The Ethereum co-founder took aim at Polymarket’s most irrational markets and won big. He dropped $440,000 on contracts betting against what he called “crazy and irrational predictions.” The return? Sixteen percent. Not bad for calling out absurdity.
How Hype Warps the Odds
Prediction markets don’t always track reality. They track emotion. And Buterin spotted the pattern pretty fast. When a wild news story breaks, the odds on unlikely outcomes shoot up. People bet with their gut, not their brain.
Take the Greenland thing. Trump threatened to acquire the island earlier this year. Polymarket users went nuts. The odds on the U.S. actually taking over Greenland hit 21% at one point. Twenty-one percent. For something that was never going to happen. The poll pulled in $33 million in trading volume, all driven by headlines and hype rather than any real chance of Denmark handing over its territory.
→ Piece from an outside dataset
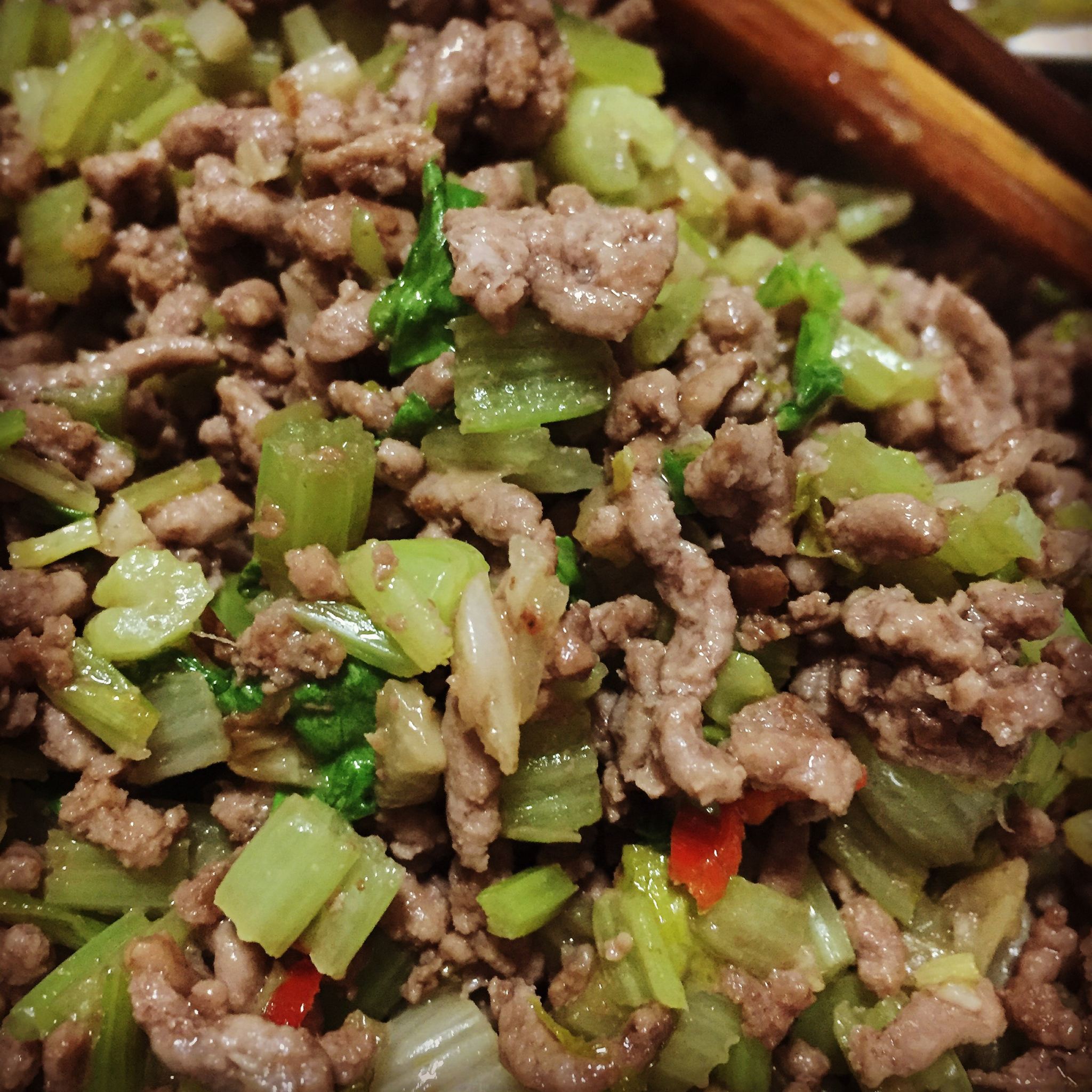 芹菜牛肉末「下饭神器」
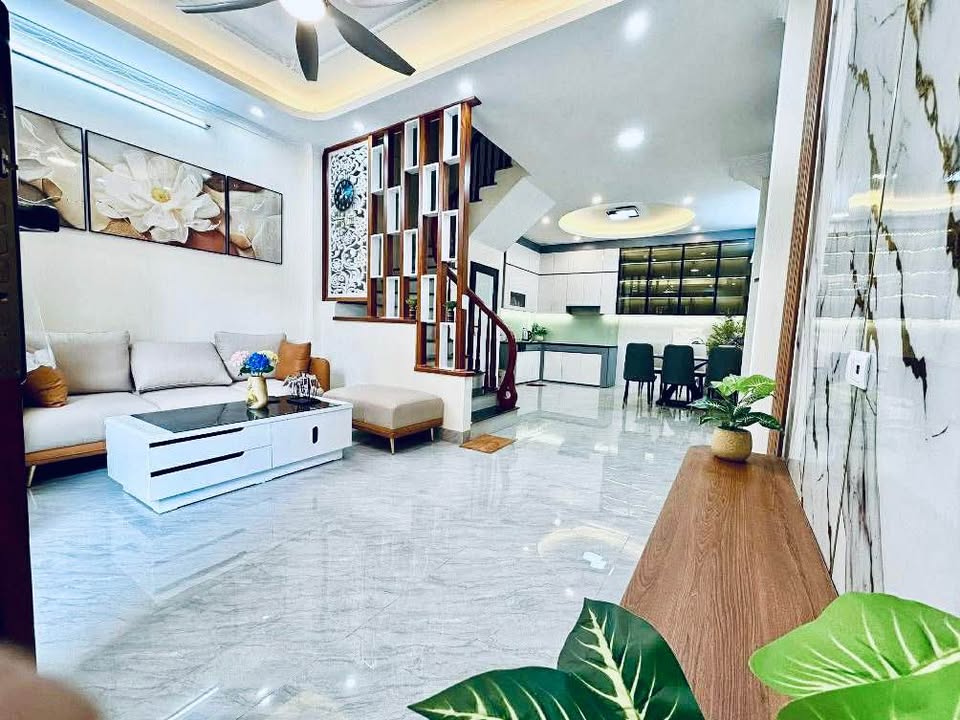 Nhà Phân Lô Xuân Thủy - Cầu Giấy 40m² - 9.x Tỷ - Gần Metro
That’s where Buterin saw his opening.
He wasn’t alone. A former poker player named Domer made $400,000 using the same playbook. One of his bets was a $100,000 wager on Cardinal Robert Francis Prevost becoming pope. The market gave it a 5% chance. Domer took the other side and cashed out when it didn’t happen. Across the board, Polymarket’s own data backs this up. Roughly 73.3% of all resolved markets end with a “No” outcome.
The pattern holds. Most dramatic predictions don’t come true.
Why Traders Keep Losing to Logic
There’s a term for this in behavioral economics. Narrative bias. It’s when an emotional story feels so vivid that people mistake intensity for probability. The more dramatic the headline, the more likely bettors think it’ll happen. Trump winning the Nobel Peace Prize? Market odds hit 14% at one point, fueled by Trump’s own comments and media buzz. The actual chance was near zero.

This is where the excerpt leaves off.